Did you do all the regular maintanance stuff (cap&rotor, fuel filter, spark plugs, etc)? Get some of that electrical contact cleaner and clean all the electrical connections in the engine bay. Every single one. All the injectors, sensors, coil, efi relays, etc. There may be a few dirty contacts.


----------



## lovemysan (Jan 31, 2003)

Had a similar problem with a 86 pulsar.
Check the fuel pressure. Mine was low fuel pressure.


----------



## sr20speed (Apr 10, 2003)

My friend and I have replaced the fuel filter, fuel injectors, spark plugs, and all the rubber hoseing. The fuel seems to flow fine, we think it is an electrical problem.


----------



## sr20speed (Apr 10, 2003)

Also we have replaced the fuel filter.


----------



## Winterz (Jun 3, 2003)

I agree with clean all electrical contacts. I'd also check all your emissions stuff. I seem to remember mine having trouble with egr or o2 sensor.
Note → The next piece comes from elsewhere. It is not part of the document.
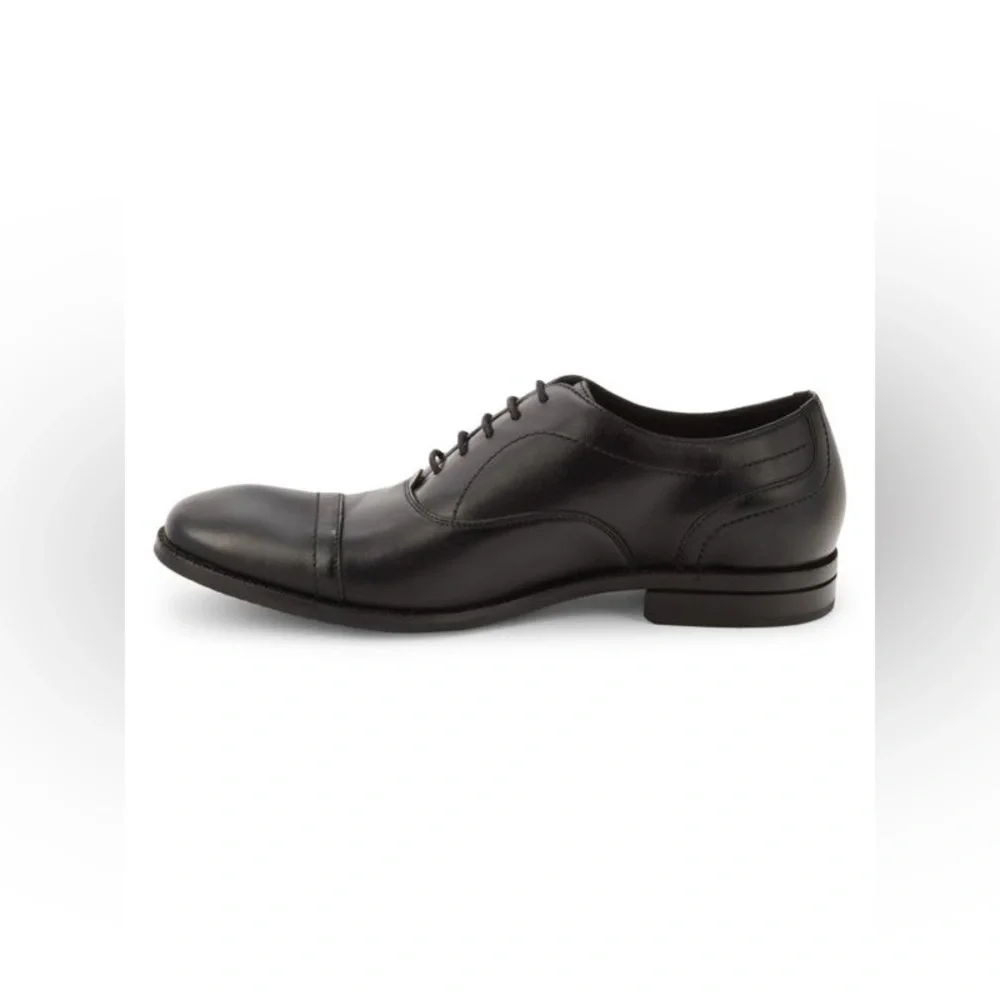 Cole‎ Haan Sawyer Oxford Cap Toe Black Dress Shoes Men's Size 12M Style C35106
Intermittent problems are usually electrical in nature.

Good Luck
-W


----------



## Guest (Jul 2, 2003)

check the plug @ the engine temp sensor on the right side of the head, clean the contacts and see if the plud is bad. it is the same as a gm fuel injector plug available @ any auto parts store. you may need to replace the sensor itself and is about $30.00. i had this problem on mine. if the plug is bad or the sensor is bad the car will not run!! z are notorious for the factory bullet connectors becoming corroded so i would check all of those too. hope it helps.


----------



## himilefrontier (Jan 21, 2003)

Could be a bad TPS sensor signal due to either a bad sensor or a bad wiring harness.


----------



## nizmo559 (Mar 4, 2003)

have a similar problem. My hole egr tube is missing, dont know where it went? My local nissan dealership seems incapable of ordering me a new one that fits. To check if you have one look into the manifold area right by the firewall standing on the driver side. There should be a tube going from the manifold to egr valve on top part of the engine. If not you can feel around, and feel a big hole with threads and no tube.


----------